When we talk about storage, we’re talking about where pictures are stored once taken. In a conventional camera, that would be the film. In digital cameras, it ranges from floppy disks, to compact disks, to memory cards. Floppy disks are the least expensive but storage on them is slow and the disks can only hold one or two high-resolution images. Compact disks store more images, but the cameras that use them are bulky. Memory cards are the most expensive, but allow the most flexibility in camera size as well as storage capacity. While most cameras have on-board storage, investing in additional removable storage allows for expansion of storage capacity.
- Movies and Sound:
Some cameras offer the option of video capture. This is handy if you do not have a video camera, but since video takes up more storage than images, the clip is usually no more than 30 seconds.
- LCD Screen:
Probably one of the most compelling reasons to purchase a digital camera is that you can see the image right away and decide whether or not you like it and want to keep it. To do so, however, you need an LCD screen on the camera. Low-end models often omit this option, thus taking away one of the most exciting features. This is one feature you should not go without.
- Memory Card Readers:
These are similar to external hard drives that attach to your PC. These allow you to download pictures directly from the storage medium, which saves time as well as battery life.
- Purchase an inexpensive camera for the students to use and a more expensive one for the teacher. Consider the potential for damage and do one-on-one training sessions with the students to ensure proper usage of the camera.
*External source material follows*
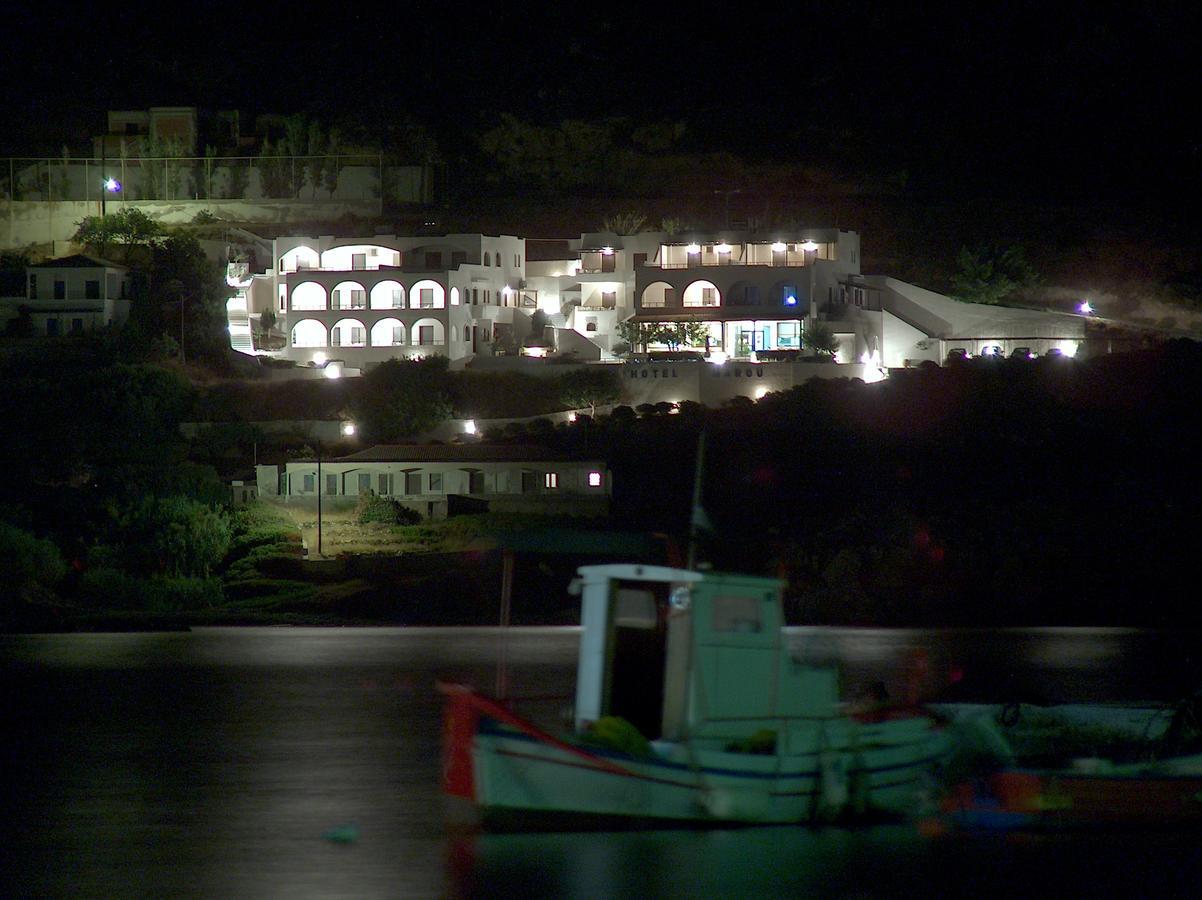 Marou Hotel Agia Pelagia  Eksteriør bilde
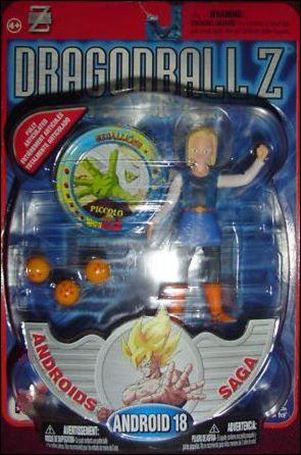 Dragon Ball Z  figure 17-B Android 18 (Silver Package)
- Ensure that students take appropriate photographs. Go over basic photography rules with the students and make sure they know the difference between what is appropriate and what is not.
- Keep in mind privacy when publishing photographs and be aware of your school’s policy regarding pictures and publication of pictures.
- Let students work with the images, cropping, editing, etc. so they can learn to optimise images for the web.
- Have at least one computer that has Photoshop Elements or a similar type image editor.